> WORK TO COMPLETE
Give back the lines of the records exactly, starting at the first and ending at the one with "لبنان.. بين الانسحابات".

> STUDY MATERIAL
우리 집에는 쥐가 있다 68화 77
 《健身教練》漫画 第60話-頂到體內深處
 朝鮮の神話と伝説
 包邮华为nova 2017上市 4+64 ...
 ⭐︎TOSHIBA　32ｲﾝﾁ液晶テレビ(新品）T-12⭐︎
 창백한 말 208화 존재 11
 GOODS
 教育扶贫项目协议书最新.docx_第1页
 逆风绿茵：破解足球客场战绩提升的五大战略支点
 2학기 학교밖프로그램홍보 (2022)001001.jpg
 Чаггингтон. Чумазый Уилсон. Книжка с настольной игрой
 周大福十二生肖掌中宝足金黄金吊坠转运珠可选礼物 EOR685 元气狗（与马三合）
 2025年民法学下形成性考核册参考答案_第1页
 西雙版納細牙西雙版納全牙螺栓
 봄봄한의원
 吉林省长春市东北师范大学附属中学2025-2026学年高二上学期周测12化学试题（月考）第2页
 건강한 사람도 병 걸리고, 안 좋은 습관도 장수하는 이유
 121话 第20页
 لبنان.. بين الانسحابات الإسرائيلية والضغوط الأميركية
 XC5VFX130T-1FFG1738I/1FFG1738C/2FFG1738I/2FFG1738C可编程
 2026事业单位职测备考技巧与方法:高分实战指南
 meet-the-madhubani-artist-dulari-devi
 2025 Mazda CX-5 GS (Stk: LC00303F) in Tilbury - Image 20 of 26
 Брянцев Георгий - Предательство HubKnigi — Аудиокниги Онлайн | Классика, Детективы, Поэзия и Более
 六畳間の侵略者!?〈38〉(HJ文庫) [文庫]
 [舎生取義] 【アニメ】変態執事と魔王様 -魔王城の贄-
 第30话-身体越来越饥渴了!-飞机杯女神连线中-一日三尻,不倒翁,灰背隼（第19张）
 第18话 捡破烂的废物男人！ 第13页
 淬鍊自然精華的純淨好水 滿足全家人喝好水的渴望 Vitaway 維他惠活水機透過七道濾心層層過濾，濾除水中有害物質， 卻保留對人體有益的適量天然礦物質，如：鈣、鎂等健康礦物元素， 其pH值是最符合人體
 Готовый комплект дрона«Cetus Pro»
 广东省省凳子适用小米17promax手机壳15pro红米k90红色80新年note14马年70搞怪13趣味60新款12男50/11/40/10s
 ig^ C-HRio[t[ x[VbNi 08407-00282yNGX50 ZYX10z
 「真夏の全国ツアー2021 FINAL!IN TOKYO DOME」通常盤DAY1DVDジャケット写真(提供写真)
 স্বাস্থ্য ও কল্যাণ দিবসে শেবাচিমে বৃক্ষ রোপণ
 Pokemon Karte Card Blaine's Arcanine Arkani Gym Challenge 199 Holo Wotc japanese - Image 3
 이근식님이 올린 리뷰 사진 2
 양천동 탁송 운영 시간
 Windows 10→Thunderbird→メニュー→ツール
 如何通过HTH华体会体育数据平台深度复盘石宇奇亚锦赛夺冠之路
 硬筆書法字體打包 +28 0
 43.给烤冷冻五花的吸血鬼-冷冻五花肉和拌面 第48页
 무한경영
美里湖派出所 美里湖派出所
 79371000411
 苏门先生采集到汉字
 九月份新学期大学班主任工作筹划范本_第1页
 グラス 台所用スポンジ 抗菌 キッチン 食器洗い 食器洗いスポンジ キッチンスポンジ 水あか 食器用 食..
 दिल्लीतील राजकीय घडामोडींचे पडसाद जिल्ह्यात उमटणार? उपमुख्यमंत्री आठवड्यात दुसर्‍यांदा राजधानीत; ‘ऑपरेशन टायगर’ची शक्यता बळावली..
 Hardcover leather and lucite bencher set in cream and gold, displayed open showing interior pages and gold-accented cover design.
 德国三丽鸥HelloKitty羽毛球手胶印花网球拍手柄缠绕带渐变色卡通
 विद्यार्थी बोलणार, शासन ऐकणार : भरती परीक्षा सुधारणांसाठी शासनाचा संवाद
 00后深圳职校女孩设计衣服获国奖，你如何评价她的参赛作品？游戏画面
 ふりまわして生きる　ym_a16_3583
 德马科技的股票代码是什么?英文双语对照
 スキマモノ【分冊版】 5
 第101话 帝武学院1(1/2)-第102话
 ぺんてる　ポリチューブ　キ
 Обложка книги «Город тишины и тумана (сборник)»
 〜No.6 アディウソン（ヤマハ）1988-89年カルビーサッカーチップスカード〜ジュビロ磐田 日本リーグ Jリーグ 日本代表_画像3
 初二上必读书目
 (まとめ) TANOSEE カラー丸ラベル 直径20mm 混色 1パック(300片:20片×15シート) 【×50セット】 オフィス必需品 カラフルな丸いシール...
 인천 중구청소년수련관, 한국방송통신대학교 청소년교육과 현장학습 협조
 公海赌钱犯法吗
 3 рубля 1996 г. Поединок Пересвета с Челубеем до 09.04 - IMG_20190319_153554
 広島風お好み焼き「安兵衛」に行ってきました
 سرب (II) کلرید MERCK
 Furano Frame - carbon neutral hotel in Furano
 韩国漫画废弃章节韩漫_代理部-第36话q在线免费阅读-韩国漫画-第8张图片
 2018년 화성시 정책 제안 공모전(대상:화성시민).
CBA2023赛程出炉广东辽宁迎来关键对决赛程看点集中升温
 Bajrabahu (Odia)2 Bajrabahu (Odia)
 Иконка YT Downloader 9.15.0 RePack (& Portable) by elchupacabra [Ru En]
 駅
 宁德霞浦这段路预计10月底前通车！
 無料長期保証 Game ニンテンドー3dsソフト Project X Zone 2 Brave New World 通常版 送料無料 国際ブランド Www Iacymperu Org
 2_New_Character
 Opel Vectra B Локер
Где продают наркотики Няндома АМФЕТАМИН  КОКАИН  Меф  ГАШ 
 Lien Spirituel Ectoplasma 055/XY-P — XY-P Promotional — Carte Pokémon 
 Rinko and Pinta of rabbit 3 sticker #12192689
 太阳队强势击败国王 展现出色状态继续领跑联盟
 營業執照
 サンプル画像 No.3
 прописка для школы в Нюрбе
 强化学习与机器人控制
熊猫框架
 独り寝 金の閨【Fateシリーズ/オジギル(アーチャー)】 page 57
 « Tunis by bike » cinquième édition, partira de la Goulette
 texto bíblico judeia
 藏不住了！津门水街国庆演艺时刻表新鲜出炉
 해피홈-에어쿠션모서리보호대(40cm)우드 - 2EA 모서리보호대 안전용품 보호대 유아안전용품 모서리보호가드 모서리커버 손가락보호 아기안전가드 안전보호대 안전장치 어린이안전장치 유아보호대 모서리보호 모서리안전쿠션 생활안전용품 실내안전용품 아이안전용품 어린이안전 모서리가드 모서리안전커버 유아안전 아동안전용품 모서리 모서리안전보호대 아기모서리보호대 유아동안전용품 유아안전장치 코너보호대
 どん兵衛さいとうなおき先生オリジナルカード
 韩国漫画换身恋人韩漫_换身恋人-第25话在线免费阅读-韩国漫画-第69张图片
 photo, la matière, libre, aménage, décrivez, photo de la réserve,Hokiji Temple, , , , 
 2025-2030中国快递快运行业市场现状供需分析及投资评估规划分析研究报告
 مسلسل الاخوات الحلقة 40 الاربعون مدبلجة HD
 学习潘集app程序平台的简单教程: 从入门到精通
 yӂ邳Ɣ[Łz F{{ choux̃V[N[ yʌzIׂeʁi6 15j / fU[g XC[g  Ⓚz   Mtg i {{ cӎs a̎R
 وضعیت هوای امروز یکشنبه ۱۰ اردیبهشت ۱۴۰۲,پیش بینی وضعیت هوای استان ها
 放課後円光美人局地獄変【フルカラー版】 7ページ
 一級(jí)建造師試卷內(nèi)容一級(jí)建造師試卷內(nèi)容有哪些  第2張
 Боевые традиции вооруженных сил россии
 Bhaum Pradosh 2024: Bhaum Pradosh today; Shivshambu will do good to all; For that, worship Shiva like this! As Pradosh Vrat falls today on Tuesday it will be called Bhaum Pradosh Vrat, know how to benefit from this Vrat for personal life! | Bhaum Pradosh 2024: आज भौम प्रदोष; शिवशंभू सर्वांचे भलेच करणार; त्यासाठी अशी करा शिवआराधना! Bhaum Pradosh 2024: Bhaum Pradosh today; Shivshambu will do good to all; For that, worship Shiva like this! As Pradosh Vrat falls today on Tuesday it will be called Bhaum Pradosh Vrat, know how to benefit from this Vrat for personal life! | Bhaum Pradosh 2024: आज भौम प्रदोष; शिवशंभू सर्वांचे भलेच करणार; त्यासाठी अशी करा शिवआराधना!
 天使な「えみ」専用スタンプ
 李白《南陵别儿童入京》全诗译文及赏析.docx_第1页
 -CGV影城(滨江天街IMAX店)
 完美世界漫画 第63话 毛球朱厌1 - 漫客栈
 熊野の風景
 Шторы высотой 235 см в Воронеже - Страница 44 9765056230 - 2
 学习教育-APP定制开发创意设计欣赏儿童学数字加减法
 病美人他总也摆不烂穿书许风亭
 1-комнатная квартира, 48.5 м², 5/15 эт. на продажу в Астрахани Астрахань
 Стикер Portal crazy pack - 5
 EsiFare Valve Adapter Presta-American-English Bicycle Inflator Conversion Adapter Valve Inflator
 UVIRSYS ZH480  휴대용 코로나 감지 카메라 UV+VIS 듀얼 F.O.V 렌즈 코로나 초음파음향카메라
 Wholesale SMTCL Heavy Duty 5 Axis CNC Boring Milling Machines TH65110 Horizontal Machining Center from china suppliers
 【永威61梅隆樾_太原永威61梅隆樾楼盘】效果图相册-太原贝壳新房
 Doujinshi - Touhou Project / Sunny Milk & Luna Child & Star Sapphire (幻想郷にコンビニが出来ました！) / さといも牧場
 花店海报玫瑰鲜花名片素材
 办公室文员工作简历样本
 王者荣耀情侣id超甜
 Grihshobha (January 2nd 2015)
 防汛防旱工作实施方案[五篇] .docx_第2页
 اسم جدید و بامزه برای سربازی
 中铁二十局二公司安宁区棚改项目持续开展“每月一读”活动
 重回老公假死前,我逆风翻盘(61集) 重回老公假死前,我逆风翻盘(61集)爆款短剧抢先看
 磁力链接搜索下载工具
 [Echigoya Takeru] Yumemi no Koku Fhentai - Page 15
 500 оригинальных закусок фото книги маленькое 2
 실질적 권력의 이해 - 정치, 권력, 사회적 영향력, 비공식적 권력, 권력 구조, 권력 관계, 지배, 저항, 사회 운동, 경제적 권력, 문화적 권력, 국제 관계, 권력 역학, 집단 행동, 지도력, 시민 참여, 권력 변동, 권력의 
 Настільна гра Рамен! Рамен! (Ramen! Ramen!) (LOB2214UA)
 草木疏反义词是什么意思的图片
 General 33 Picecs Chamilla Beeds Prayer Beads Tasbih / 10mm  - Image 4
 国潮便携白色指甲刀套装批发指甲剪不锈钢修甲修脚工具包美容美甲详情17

> SOLVED EXERCISE
우리 집에는 쥐가 있다 68화 77
 《健身教練》漫画 第60話-頂到體內深處
 朝鮮の神話と伝説
 包邮华为nova 2017上市 4+64 ...
 ⭐︎TOSHIBA　32ｲﾝﾁ液晶テレビ(新品）T-12⭐︎
 창백한 말 208화 존재 11
 GOODS
 教育扶贫项目协议书最新.docx_第1页
 逆风绿茵：破解足球客场战绩提升的五大战略支点
 2학기 학교밖프로그램홍보 (2022)001001.jpg
 Чаггингтон. Чумазый Уилсон. Книжка с настольной игрой
 周大福十二生肖掌中宝足金黄金吊坠转运珠可选礼物 EOR685 元气狗（与马三合）
 2025年民法学下形成性考核册参考答案_第1页
 西雙版納細牙西雙版納全牙螺栓
 봄봄한의원
 吉林省长春市东北师范大学附属中学2025-2026学年高二上学期周测12化学试题（月考）第2页
 건강한 사람도 병 걸리고, 안 좋은 습관도 장수하는 이유
 121话 第20页
 لبنان.. بين الانسحابات الإسرائيلية والضغوط الأميركية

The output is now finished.